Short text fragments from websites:
■ ■ ■ ■
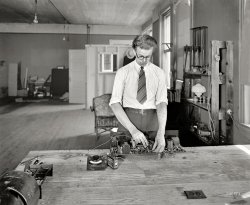 Washington, D.C., circa 1921. "Loomis Radio School." Another look behind the scenes at the technical school run by Mary Texanna Loomis. National Photo Company Collection glass negative. View full size.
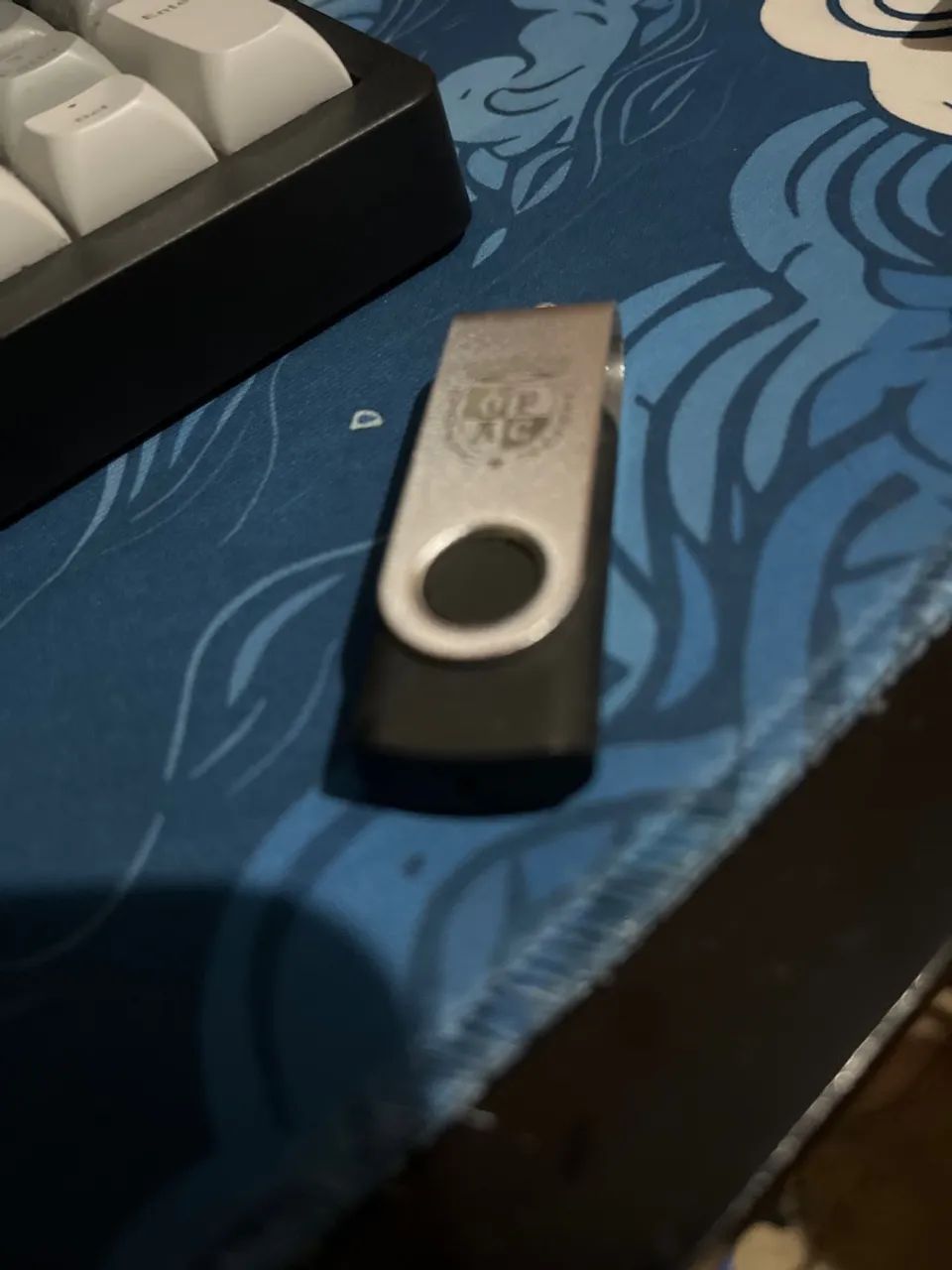 Pen Drive preto com proteção na entrada 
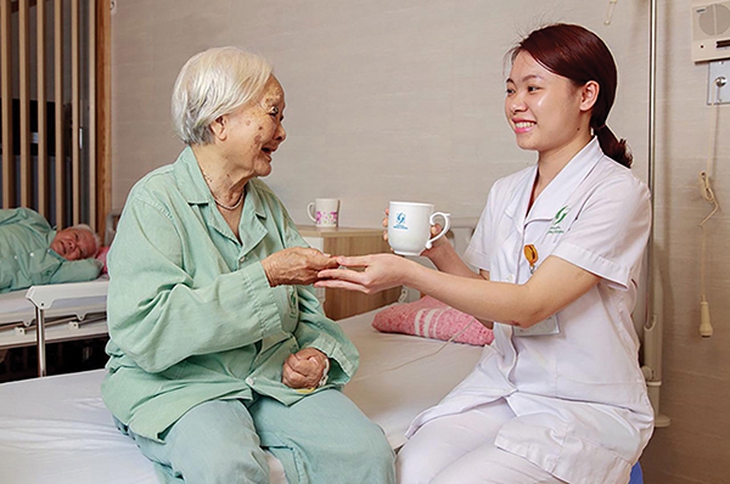 Những lưu ý  khi dùng thuốc cho người cao tuổi tại nhà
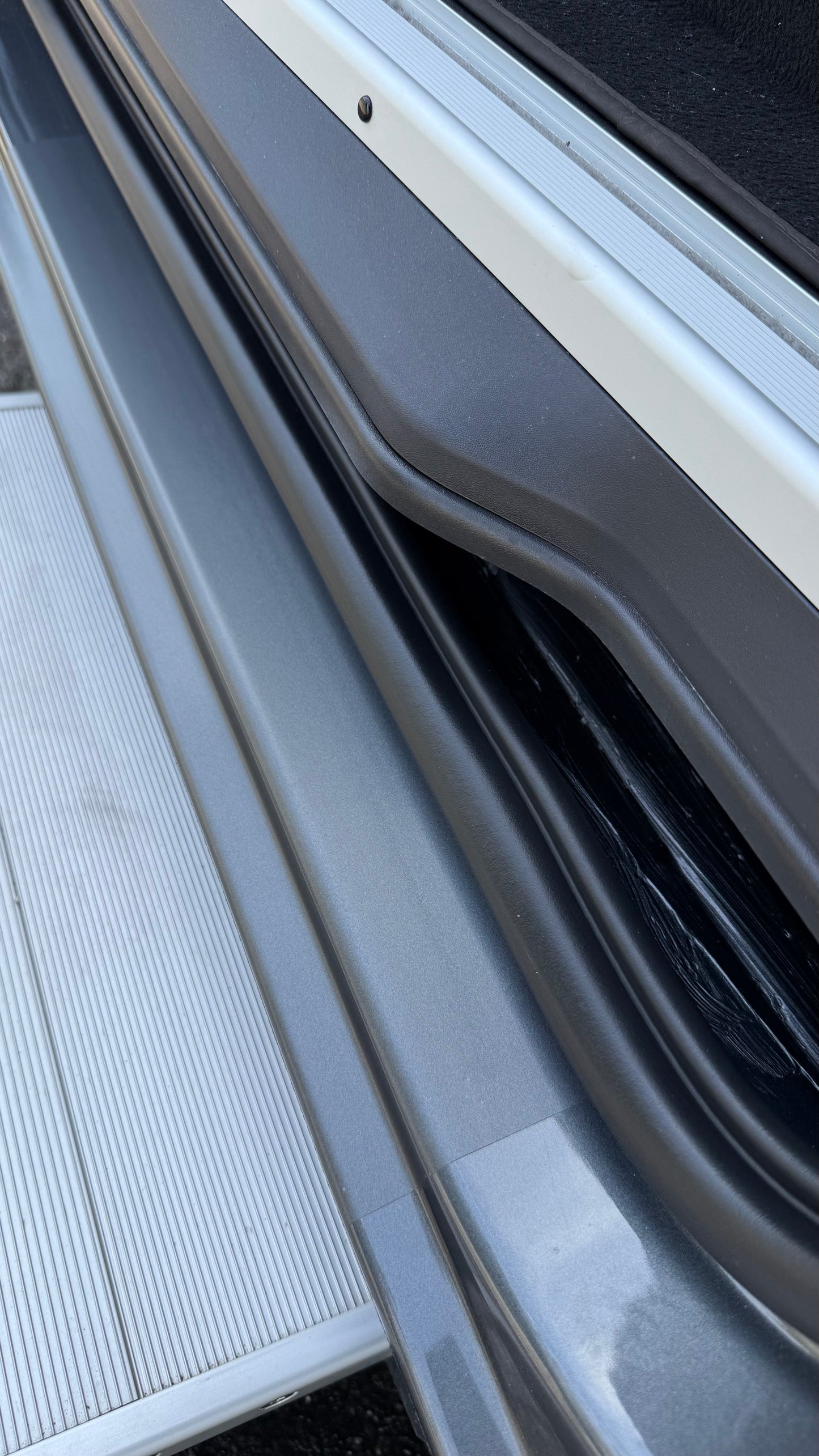 Einstiegsschutzfolie für VW Grand California – Lackschutz Schiebetür Schwelle – Matt Transparent – 2-teilig passgenau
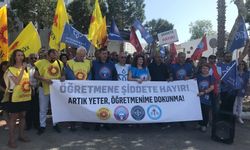 Antalya’da eğitimciler ayağa kalktı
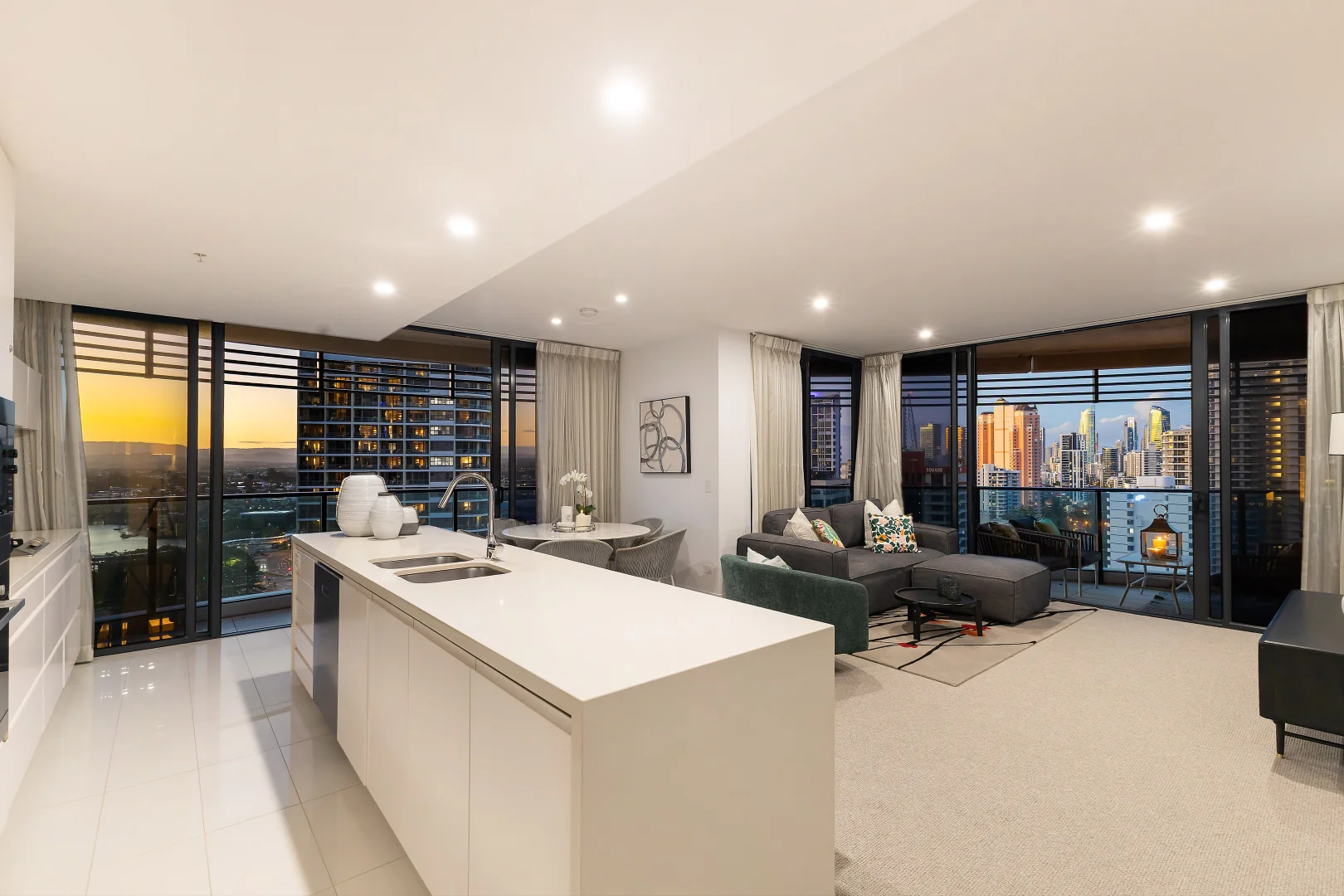 Additional image 16 of 1701/1 Oracle Boulevard, Broadbeach QLD 4218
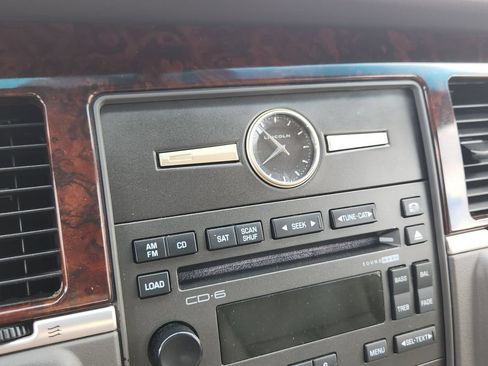 Used 2006 Lincoln Town Car Signature Limited RWD image 19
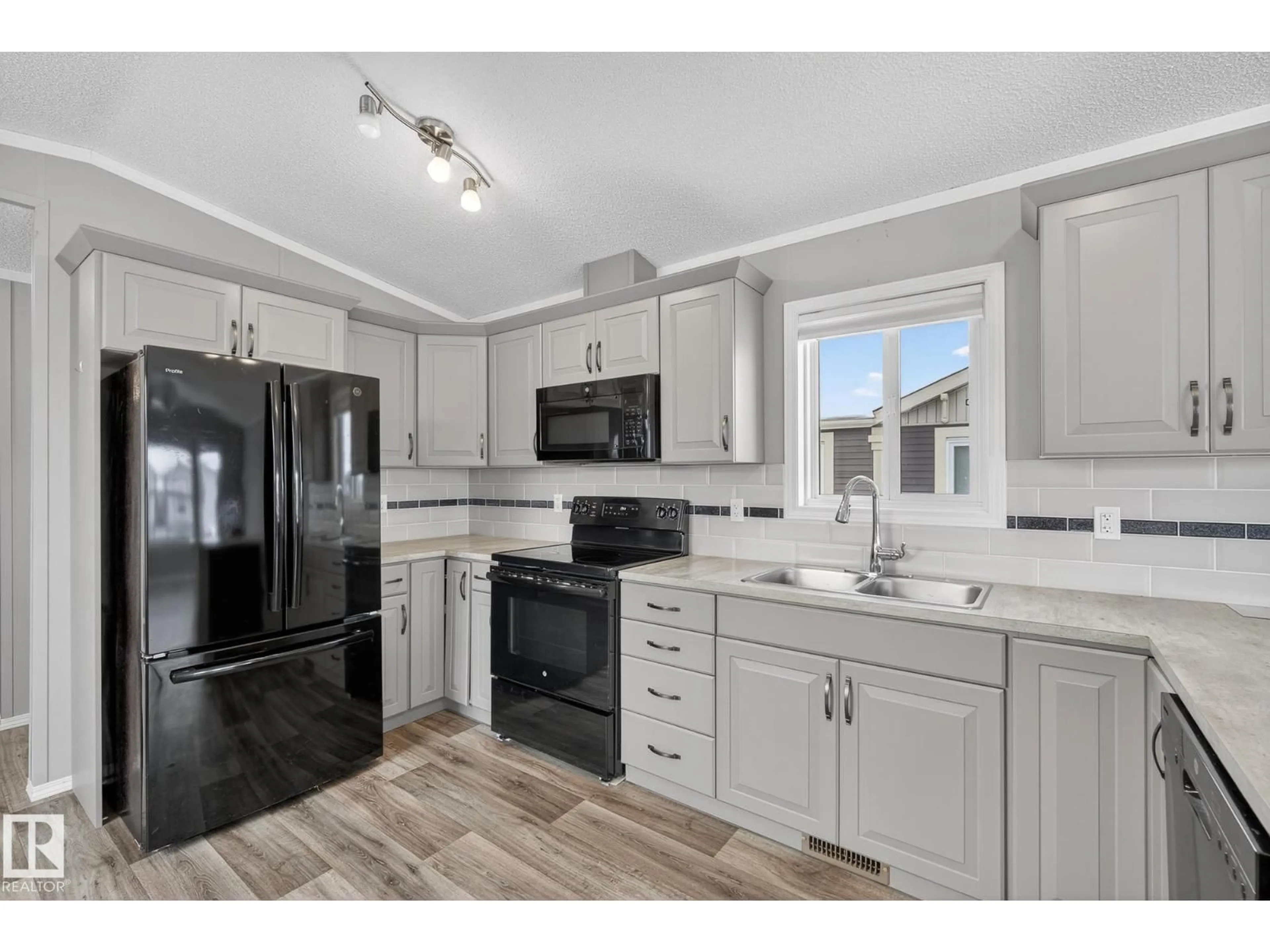 Open concept kitchen, unknown for 18 ASPEN AV, Morinville Alberta T8R2P7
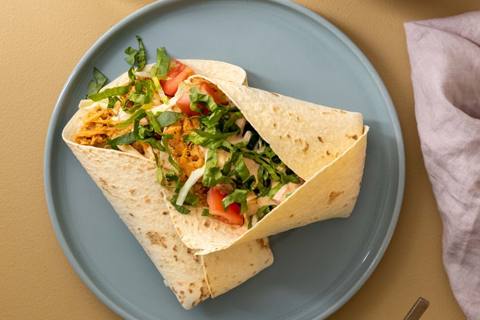 Wraps med krydret pulled chicken, grønt og chili-dip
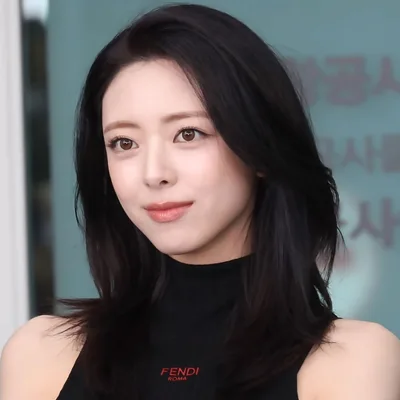 Yuna, Related people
■ ■ ■ ■
Activity:
The records above are to be retyped exactly, with every picture left out.

Worked solution:
 Washington, D.C., circa 1921. "Loomis Radio School." Another look behind the scenes at the technical school run by Mary Texanna Loomis. National Photo Company Collection glass negative. View full size.
 Pen Drive preto com proteção na entrada 
 Những lưu ý  khi dùng thuốc cho người cao tuổi tại nhà
 Einstiegsschutzfolie für VW Grand California – Lackschutz Schiebetür Schwelle – Matt Transparent – 2-teilig passgenau
 Antalya’da eğitimciler ayağa kalktı
 Additional image 16 of 1701/1 Oracle Boulevard, Broadbeach QLD 4218
 Used 2006 Lincoln Town Car Signature Limited RWD image 19
 Open concept kitchen, unknown for 18 ASPEN AV, Morinville Alberta T8R2P7
 Wraps med krydret pulled chicken, grønt og chili-dip
 Yuna, Related people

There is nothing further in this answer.